Ich glaube, ich habe bereits darauf hingewiesen, dass ich mich eher der schöngeistigen Beschäftigung hingezogen fühle. Aber was macht man nicht alles zum Wohlgefallen derer, die man so heftig liebt.
Gekleidet in mannhafte Gartenarbeitsklamotten kramte ich also alles zusammen, was ich für meine vertikalen Holzpflegearbeiten so brauchen würde. Ich entwirrte die Kabeltrommel, um einigen Watt Strom den Weg zum Baum zu ermöglichen, klappte eine Leiter aus, die mich in ungefähre Reichweite der Stelle bringen sollte, an der ich den chirurgischen Baumschnitt anzubringen gedachte, setzte Helm und Schutzbrille auf, legte Telefon, Notfallrufnummer, mehrere Meter Verbandsmull, Schere, Nadel und Faden und einen Eimer heißen Wassers bereit, und zog mir die schweren Lederhandschuhe an. Der aufmerksame Leser wird bereits bemerkt haben, dass etwas Essentielles noch fehlte. Richtig! Eine Motorsäge befand sich nicht in meinem Fundus. Außerdem fehlte es noch an geeignetem Unterstützungspersonal, das bereit wäre, dem abgesägten Baum beim Fall in die richtige Richtung zu helfen, und nebenbei auch noch bereitstünde, sollte sich der ambitionierte Säger unverhofft in eine medizinische Notlage begeben. Aber wozu ist man denn verheiratet? Lieb Frauchen ergriff wieselflink die Initiative, und schon wenige Minuten später materialisierte sich in meinen Händen eine elektrische Kettensäge, einige Dutzend Meter kräftigen Seiles und (vor meinen Händen, dies sei betont) die adrette Nachbarin in praktischer Gewandung und Begleitung eines beachtlich großen, schwarzen Hundes, um beim Baumschnitt mit Rat und Tat zur Seite zu stehen. Im Unterschied zu mir hat sie solches Forsttreiben schon mal beobachtet. Es konnte also losgehen.
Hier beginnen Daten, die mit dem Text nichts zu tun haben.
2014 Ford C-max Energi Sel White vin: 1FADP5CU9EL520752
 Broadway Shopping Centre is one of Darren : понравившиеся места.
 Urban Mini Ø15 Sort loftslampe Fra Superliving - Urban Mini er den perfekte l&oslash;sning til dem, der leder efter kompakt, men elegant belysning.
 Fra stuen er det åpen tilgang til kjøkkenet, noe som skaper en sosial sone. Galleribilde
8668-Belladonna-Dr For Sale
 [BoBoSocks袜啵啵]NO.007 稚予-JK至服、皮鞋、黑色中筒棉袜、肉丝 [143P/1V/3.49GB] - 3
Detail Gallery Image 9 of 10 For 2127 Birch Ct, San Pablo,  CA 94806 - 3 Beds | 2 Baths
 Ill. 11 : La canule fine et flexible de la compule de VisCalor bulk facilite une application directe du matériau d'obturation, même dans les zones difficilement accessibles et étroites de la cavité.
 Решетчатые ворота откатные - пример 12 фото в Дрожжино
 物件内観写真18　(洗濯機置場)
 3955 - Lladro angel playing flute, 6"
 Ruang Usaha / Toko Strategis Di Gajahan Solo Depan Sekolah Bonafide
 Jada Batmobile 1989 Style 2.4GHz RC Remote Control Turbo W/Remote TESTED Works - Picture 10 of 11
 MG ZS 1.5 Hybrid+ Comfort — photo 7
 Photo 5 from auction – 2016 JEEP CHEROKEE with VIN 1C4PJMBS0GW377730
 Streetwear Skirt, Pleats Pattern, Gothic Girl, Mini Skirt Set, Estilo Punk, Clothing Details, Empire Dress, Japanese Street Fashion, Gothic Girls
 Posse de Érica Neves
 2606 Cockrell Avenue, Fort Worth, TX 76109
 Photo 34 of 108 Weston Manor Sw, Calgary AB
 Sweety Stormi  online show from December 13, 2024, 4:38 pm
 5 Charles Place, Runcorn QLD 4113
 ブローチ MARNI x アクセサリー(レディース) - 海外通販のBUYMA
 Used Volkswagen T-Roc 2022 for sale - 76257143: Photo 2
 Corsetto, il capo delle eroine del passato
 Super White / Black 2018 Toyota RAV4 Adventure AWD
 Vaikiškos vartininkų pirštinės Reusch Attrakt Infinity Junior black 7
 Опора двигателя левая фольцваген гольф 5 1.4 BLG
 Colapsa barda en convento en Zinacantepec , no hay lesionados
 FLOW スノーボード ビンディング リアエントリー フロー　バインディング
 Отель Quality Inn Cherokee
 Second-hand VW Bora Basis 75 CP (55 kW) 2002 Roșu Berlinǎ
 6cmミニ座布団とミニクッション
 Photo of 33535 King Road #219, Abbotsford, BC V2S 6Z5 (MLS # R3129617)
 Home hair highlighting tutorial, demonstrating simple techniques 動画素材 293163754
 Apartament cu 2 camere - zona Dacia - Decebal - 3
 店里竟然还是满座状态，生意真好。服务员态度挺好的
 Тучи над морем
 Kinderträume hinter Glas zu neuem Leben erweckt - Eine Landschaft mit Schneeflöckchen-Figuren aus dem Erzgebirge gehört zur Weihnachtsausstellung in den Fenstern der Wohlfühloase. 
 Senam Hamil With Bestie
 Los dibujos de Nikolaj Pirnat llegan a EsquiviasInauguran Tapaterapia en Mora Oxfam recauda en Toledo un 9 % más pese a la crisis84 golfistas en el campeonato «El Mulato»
Die Leiter wurde passend aufgestellt, das Seil fachgerecht um den zu fällenden Teil des Baumes geflochten und geknotet und die Schnitthöhe zwischen „Genau hier!“ und „Meinst du so etwa hier?“ festgelegt. Ein kurze aber intensive Betrachtung des elektrischen Holzschnitters brachte einige Vermutungen hinsichtlich des Einschaltvorganges zutage, von denen der sechste und letzte dann auch tatsächlich der richtige war. Mit lustigen Gekreische erwachte die Motorsäge zum Leben, um sogleich zu verstummen, als ich die Säge am Baume ansetzte. Da fehlten dann doch einige Meter Strom.
Also nochmal: Kabel herbeiziehen, dann noch einen Meter nur für den Fall, auf die Leiter steigen, Motorsäge in Betrieb nehmen und Richtung Baumstamm schwanken. Säge ansetzen, und schon hatte ich meine erste Gravur im Baumstamm verewigt. Von meinem Anfangserfolg ermutigt, wies ich die in den Seilen hängende weibliche Helferschaft an, kräftig zu ziehen, während ich ebenso unermüdlich wie unerbittlich der kreischenden Säge scharfes Blatt durch den Stamm trieb.
Schon wenige Augenblicke später fielen gut zweieinhalb Meter Korkenzieherweide mit Getöse und Schwung zu Boden. Stolz erfüllte meine breite Brust und ich begann zu singen:

„Ich bin Holzfäller, und mir geht’s gut! Am Tag packt mich die Arbeitswut!“

Bevor ich meine musikalische Darbietung zu Ende bringen konnte, wurde ich von der holden Stimme meiner Ehefrau beinahe rüde unterbrochen: „Und was ist mit dem zweiten Stamm?“
Also, wieder frisch ans Werk. Es würde schnell gehen, denn inzwischen hatte ich ja einige Erfahrung mit der Motorsäge gesammelt. Wieder wurde das Tau um den Stamm geschwungen, geknotet und gezurrt, wieder wurde die genaue Schnitthöhe zwischen „Irgendwo da!“ und „Ja, so ungefähr!“ bestimmt und wieder wurde das schrille Schneidwerk begonnen.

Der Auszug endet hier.